Companies that are achieving remarkable results with a distinctive product-market strategy hold to a 'customer in, technology out' posture. These companies 'assert' and 'propose' toward the market. They refine their essentially superior, fine technology and propose it to customers. (p. 86)
From Itami Hiroyuki's 'Becoming a Manager' (Yein).
At the core of business strategy lies the 'customer'. This is a story about how to decide the key issue of what to sell and to whom.
Prof. Itami Hiroyuki, considered a leading scholar in Japan's business world, says, "What matters is not the demand that shows up in the market or the customer's currently voiced requests, but standing in the customer's place and thinking about the customer's needs." The posture needed is to think a step — or even half a step — ahead of the customer, and to think through customer needs more deeply than the customer himself.
In other words, the customer — not the market — is the core. He calls this posture 'customer in'. 'Customer in' is thinking from the customer's side; 'market in' is thinking from the standpoint of present demand.
Prof. Itami also emphasizes the difference between 'technology out' and 'product out'. 'Product out' means making and selling a product that your current capability can produce, not the best product. You must not do this. Instead of 'technology out' — meaning making a product you can realistically produce matched to your technology level — you must try to make a product matched to the customer's needs.

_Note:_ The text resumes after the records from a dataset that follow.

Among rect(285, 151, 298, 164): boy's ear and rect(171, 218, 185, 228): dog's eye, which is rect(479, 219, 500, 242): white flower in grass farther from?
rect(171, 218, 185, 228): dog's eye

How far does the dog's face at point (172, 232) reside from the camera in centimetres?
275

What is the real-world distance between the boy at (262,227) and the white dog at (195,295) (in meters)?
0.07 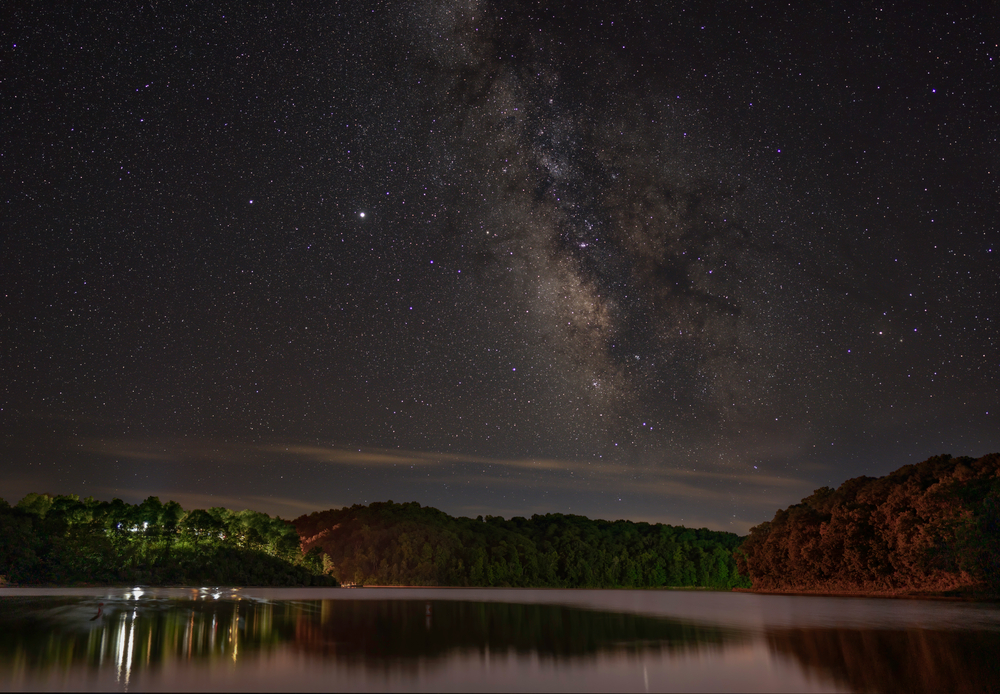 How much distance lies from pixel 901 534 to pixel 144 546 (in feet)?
300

Ultimately, Prof. Itami says, the royal road of business strategy is the 'customer in, technology out' posture.
A related report came out recently from the LG Economic Research Institute — 'Looking at Amazon, you see Outside-in' (Hwang Hye-jung, 2013-12-23).

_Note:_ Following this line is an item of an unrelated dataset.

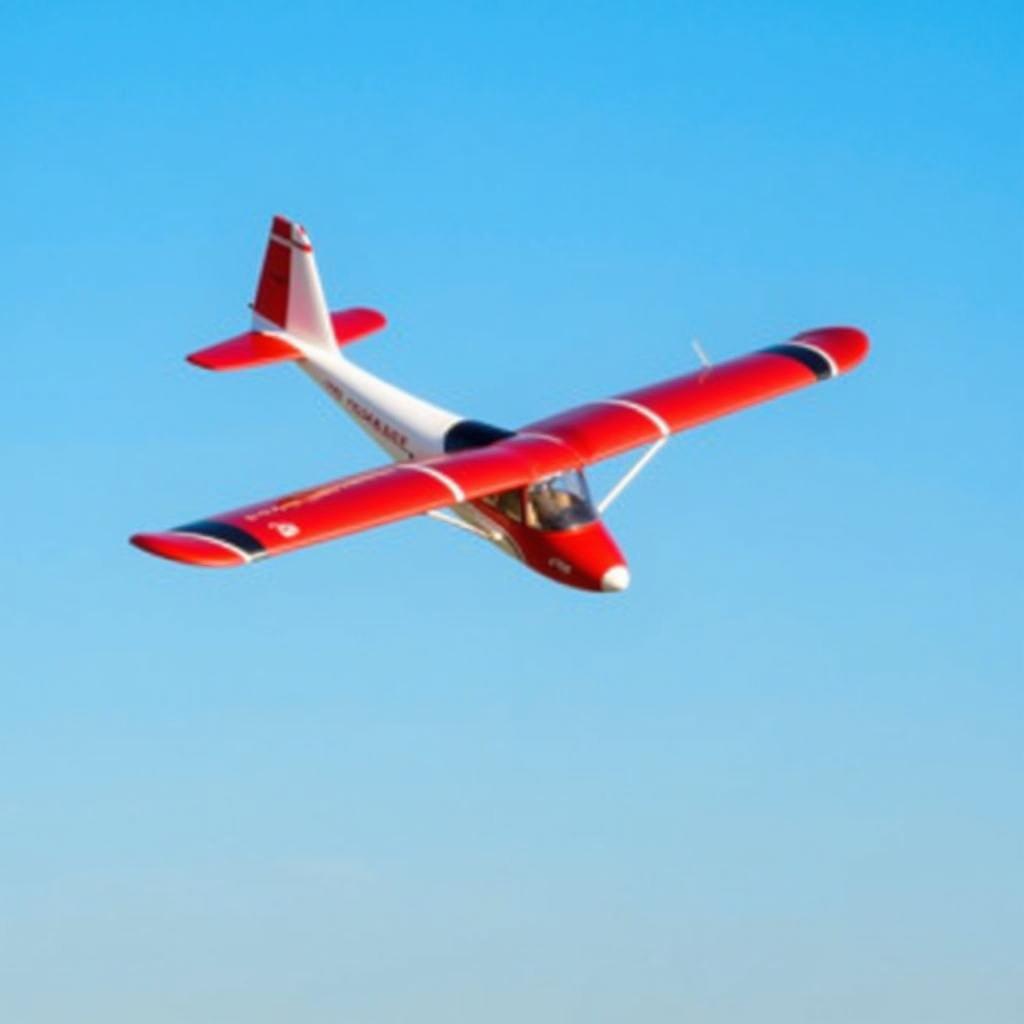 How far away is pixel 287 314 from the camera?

It introduces the concepts 'Outside-in' and 'Inside-out'. 'Outside-in' means viewing everything the company does through the customer's eyes, from the customer's position. The opposite, 'Inside-out', is the approach of asking what we're good at, what capabilities we have, and how to use those to raise revenue or market share. Similar to Prof. Itami's thinking.
The report says inside-out thinkers tend to use competitors as their reference, while outside-in thinkers use customers as reference. And it stresses that businesses should run the outside-in way — don't stare at competitors; focus on the customers outside the company, predict market change, and prepare quickly.

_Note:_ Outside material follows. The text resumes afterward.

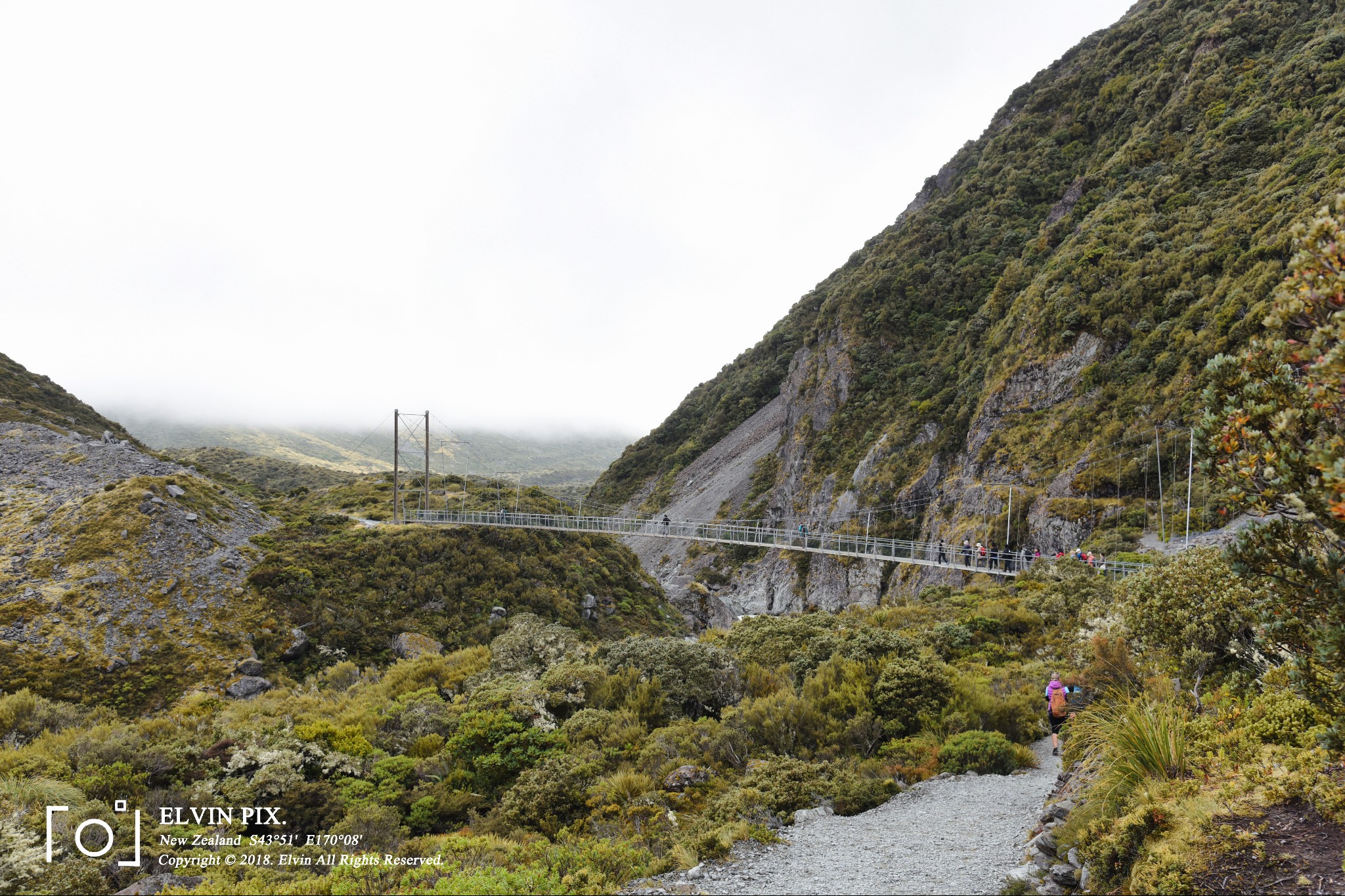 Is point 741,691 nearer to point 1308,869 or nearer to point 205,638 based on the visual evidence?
point 1308,869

Amazon is the flagship case of setting business strategy this 'customer in, outside-in' way. In the mid-1990s, when harsh customer reviews appeared on Amazon's site and publishers complained, Jeff Bezos replied, "Our standard isn't making money by selling products, but making money by helping customers decide what to buy."
Bezos also said, "We are not a book company, a music company, a video company, or an auction company. We are a customer company."
Amazon is reportedly coming to Korea next year. I'm curious about what shape it will take in Korea.
As Prof. Itami advises, it's important to hold the 'customer in, technology out' posture and think 'outside-in' like Amazon.